Comme vous le constatez, la réserve vient limiter le nombre de fois que le montant du dépôt initial tournera dans l'économie. La réserve est donc un outil qu'utilise la banque centrale pour assouplir ou durcir sa politique monétaire. Si elle veut restreindre le crédit, elle relève le niveau des réserves exigées, et fait l'inverse si elle veut accroître l'offre de crédit dans le marché.

Bien que le ratio capitaux propres de 10 % soit prudent, il n'immunise pas nécessairement les banques contre tout désastre. Avec un effet de levier de 10 pour 1, ou plus, une multiplication rapide des prêts en défaut et/ou une chute radicale de la valeur des placements peut faire fondre le capital à vue d'oeil.

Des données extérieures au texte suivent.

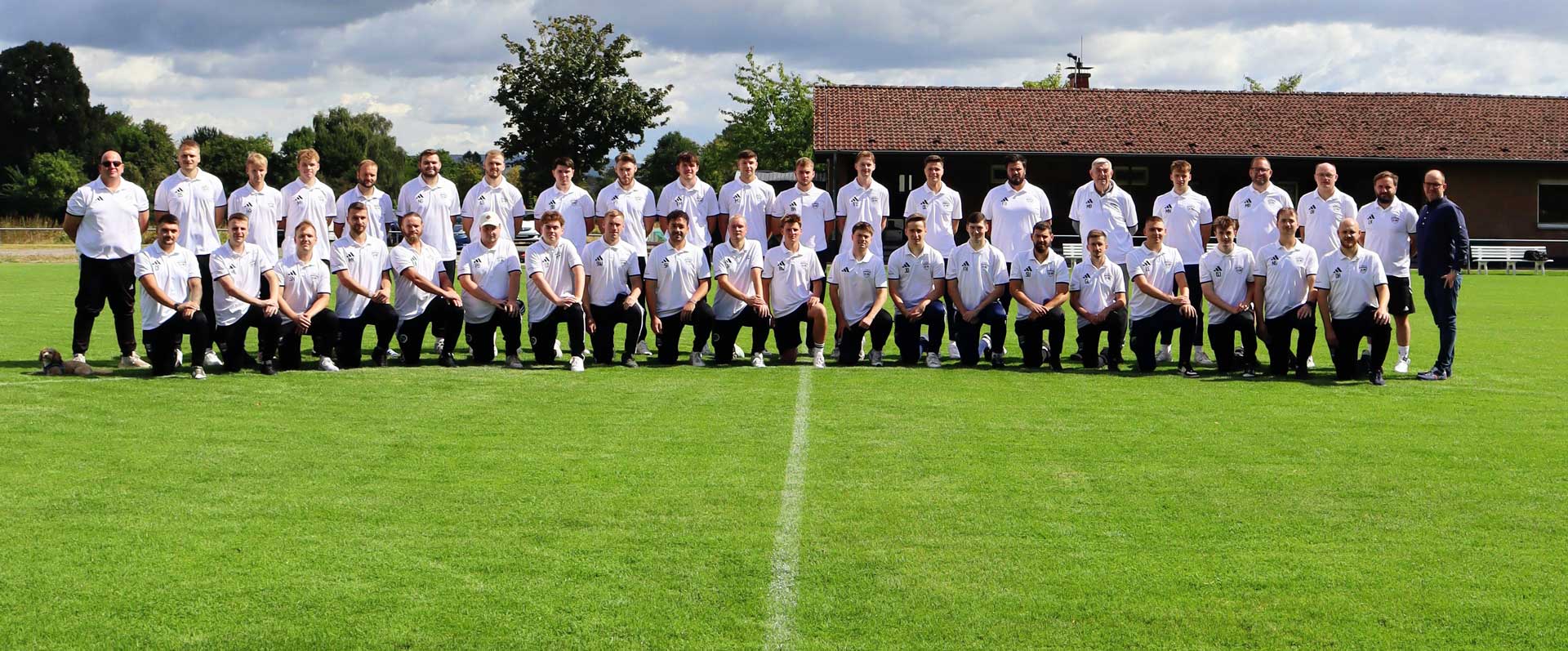 Gruppenbild-Polos-Sparkasse-Steinheim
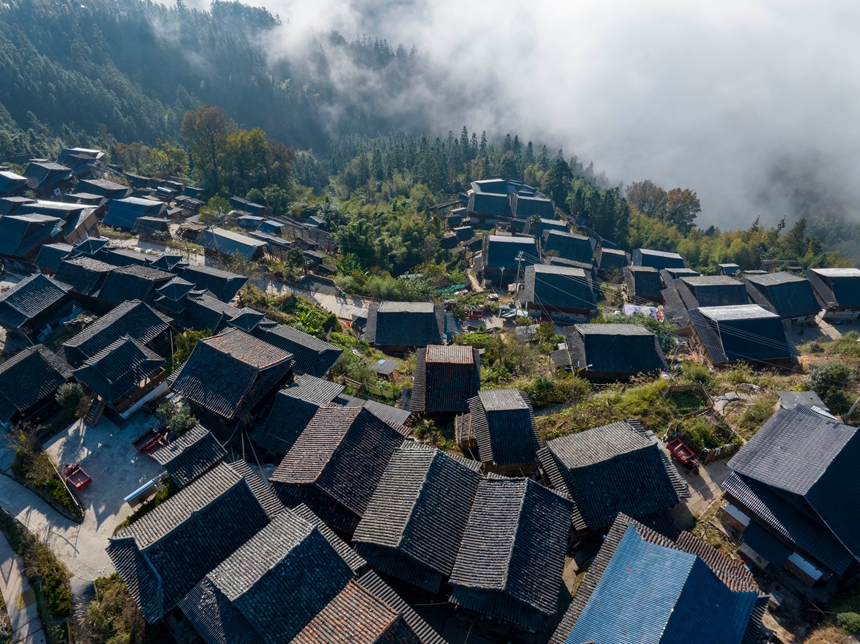 11月23日，在贵州省从江县丙妹镇大歹苗寨拍摄的冬日云海美景。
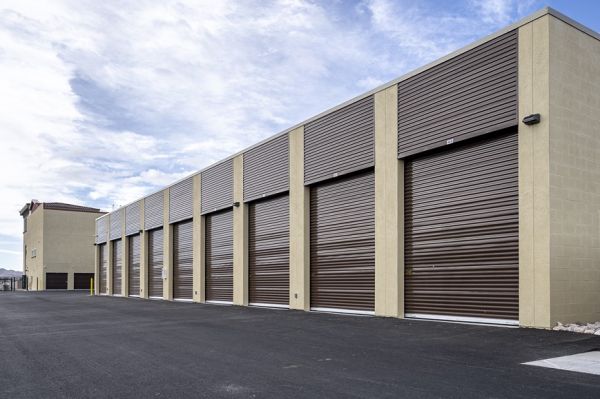 Indigo Self Storage - Las Vegas - W Robindale Rd - 5210 West Robindale Road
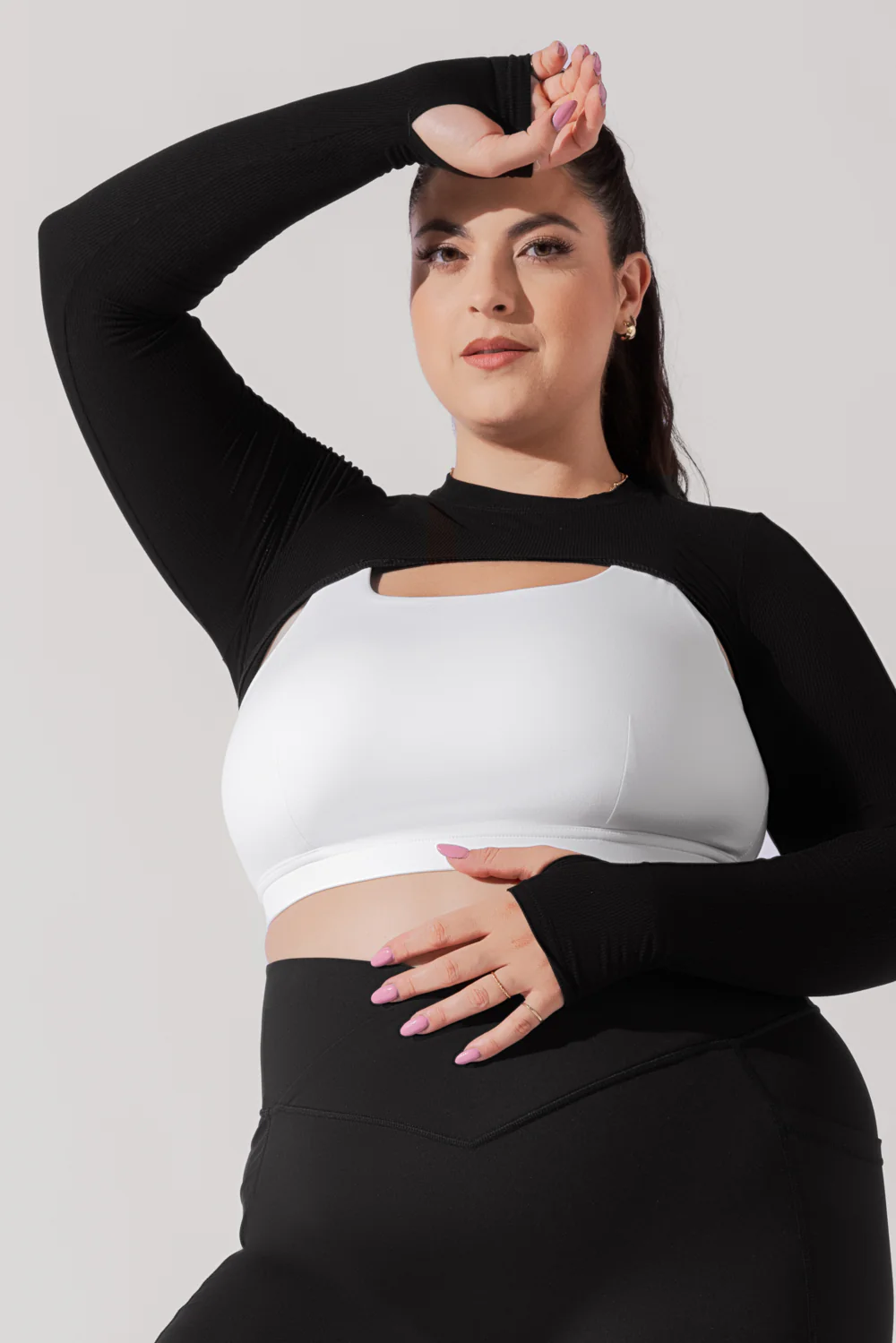 1580-relev-ribbed-shrug-black-1.webp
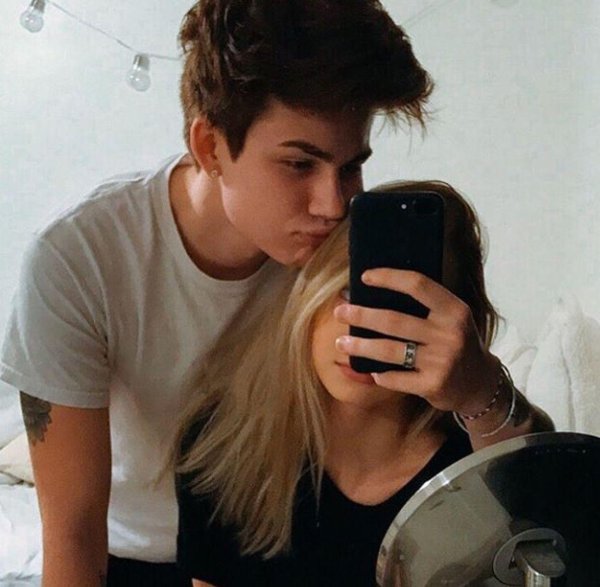 Девушка и парень без лица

C'est ce qui est arrivé lors de la présente crise financière, alors que le marché a complètement disparu pour des pans entiers de produits financiers dérivés et autres. Étant incapables de revendre ces placements dans le marché libre, les banques de par le monde ont été contraintes de radier de leurs livres la valeur de leurs placements à coups de dizaines de milliards de dollars américains. Ces radiations se sont traduites par des pertes sèches gigantesques, des pertes qui ont amputé d'autant l'avoir propre des banques. Ne respectant plus le ratio minimum de 8 % en capital par rapport au passif, les banques ont dû se renflouer en émettant des centaines de millions de dollars d'actions (diluant ainsi fortement l'avoir des actionnaires) et en vendant des actifs à vil prix, exacerbant ce cercle infernal des radiations et des pertes. Incapables de vendre leurs actions aux investisseurs privés, de grandes banques ont dû se tourner vers leurs gouvernements respectifs pour obtenir des fonds.

Par ailleurs, les banques montrent aujourd'hui des actifs hors bilan souvent de deux ou trois fois supérieurs à l'actif inscrit au bilan. Si bien qu'elles ont de facto contourné la règle de 8 % des capitaux propres, montrant plutôt dans les faits un ratio de 5 %, parfois bien moins.